[INFORMATION SUPPLIED]
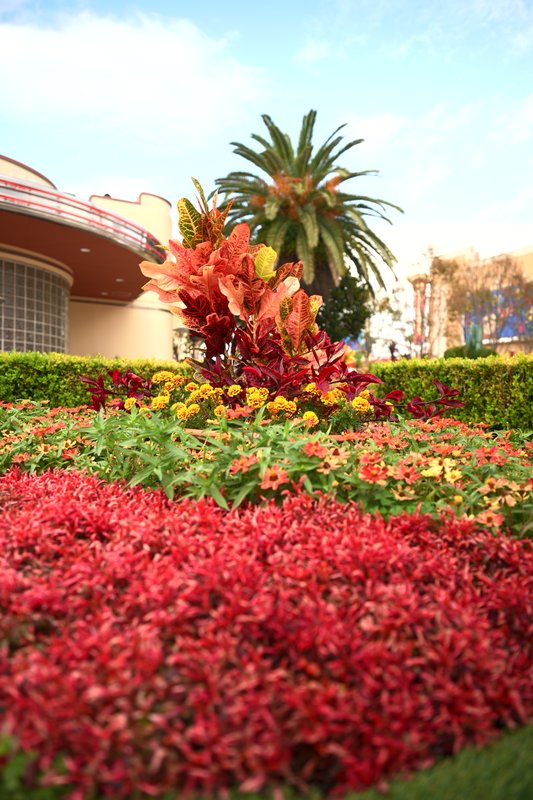 『色とりどりの花が並ぶ陽だまり風景』

📸 NIKON ZR + NIKKOR Z 24-70mm...の画像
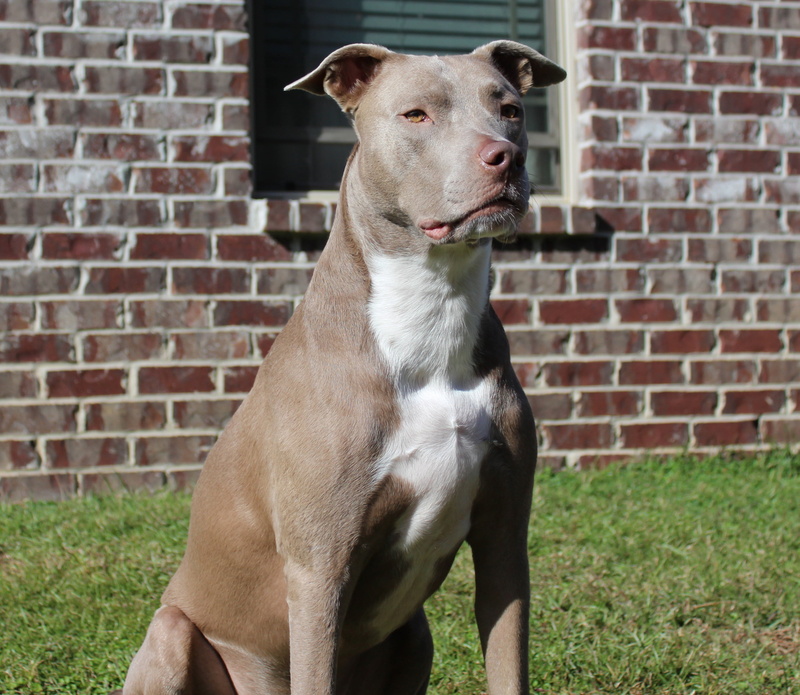 pit bull, one animal, wall - building feature, 2K, domestic animals, vertebrate, domestic, strong, animal themes, pets, canine, animal, brick wall, field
[/INFORMATION SUPPLIED]
• _PROBLEM DETAILS_: Start with the line that holds "NIKKOR Z 24-70mm...の画像" and retype each line through the last one in the data, exactly and without pictures.

• _SOLUTION FOR THIS EXERCISE_:
📸 NIKON ZR + NIKKOR Z 24-70mm...の画像
 pit bull, one animal, wall - building feature, 2K, domestic animals, vertebrate, domestic, strong, animal themes, pets, canine, animal, brick wall, field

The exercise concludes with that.